Dales Marine Services
- Industry: Transport
- Founded: 1987
- Headquarters: Aberdeen, UK
- Key people: Michael Milne, CEO
- Products: Ship repair
- Revenue: $3.7 M
- Website: dalesmarine.co.uk

= Dales Marine Services =

Dales Marine Services is a ship repair and maintenance company, operating 5 dry docks in the UK.

==History==
Dales Marine was founded in 1987 by Maurice Nicol as a fabrication and repair of large industrial equipment, based in Peterhead, Aberdeenshire. The business expanded into ship repair and maintenance in the 2000s with a site at the dry dock in Aberdeen Harbour.
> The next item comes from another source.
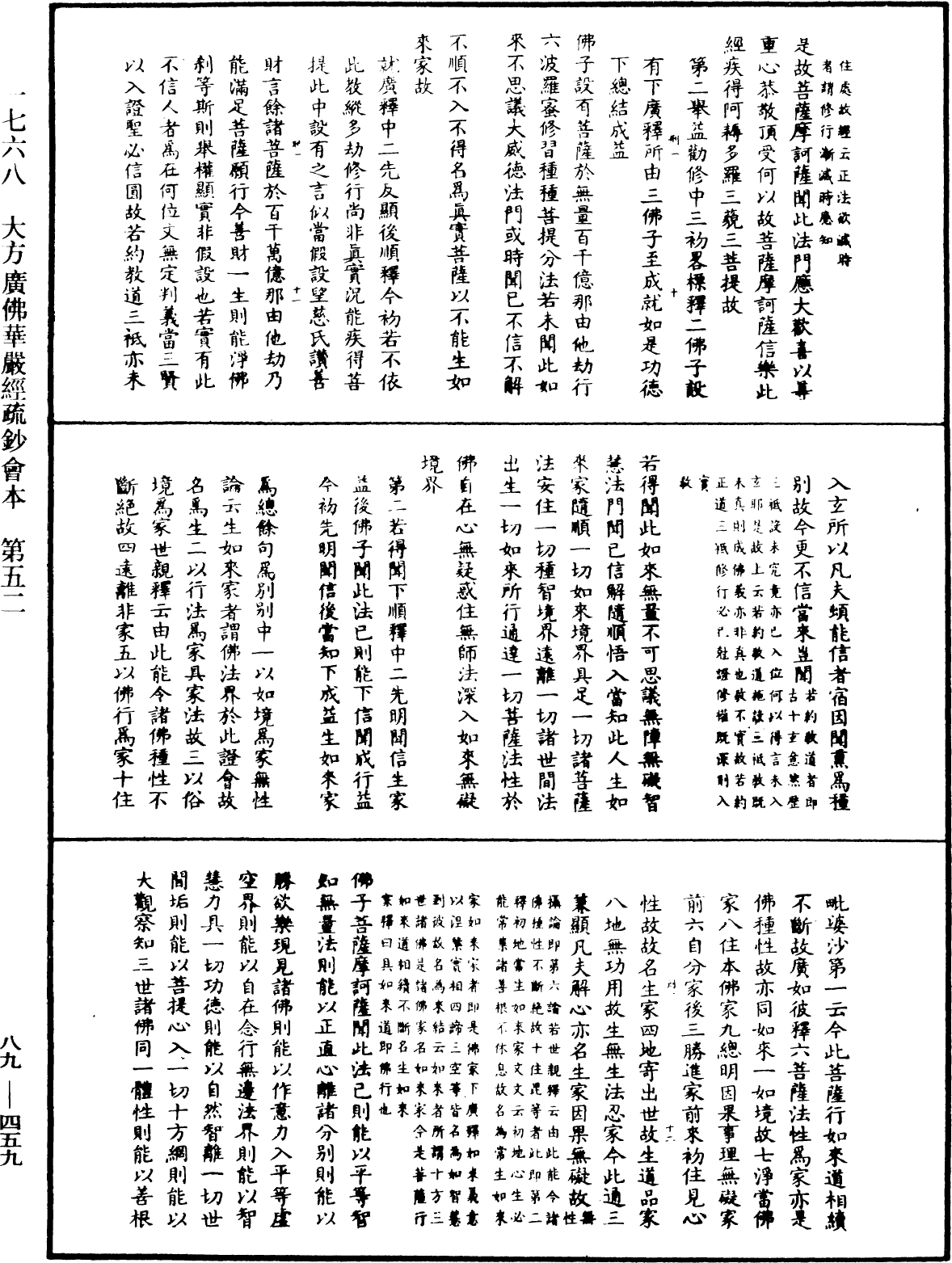 File:《中華大藏經》 第89冊 第459頁.png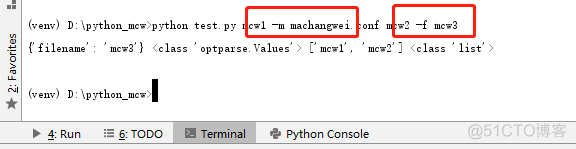 python命令行传参详解，optparse模块OptionParse类的学习_选项卡_08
In 2020, the business was sold to H2 Equity Partners, an investment firm, in a process facilitated by Corbett Keeling.

==Services==
Dales Marine operate dry docks in Aberdeen, Leith, Greenock, Troon, and Grangemouth providing the full range of repair, maintenance, steelwork construction and fabrication services. They are the only company in Scotland licensed by Scottish Environment Protection Agency to provide ship decommissioning services.

In January 2021, Dales announced a 4-year contract to maintain 19 CalMac vessels. The work will mainly be at their Greenock facilities.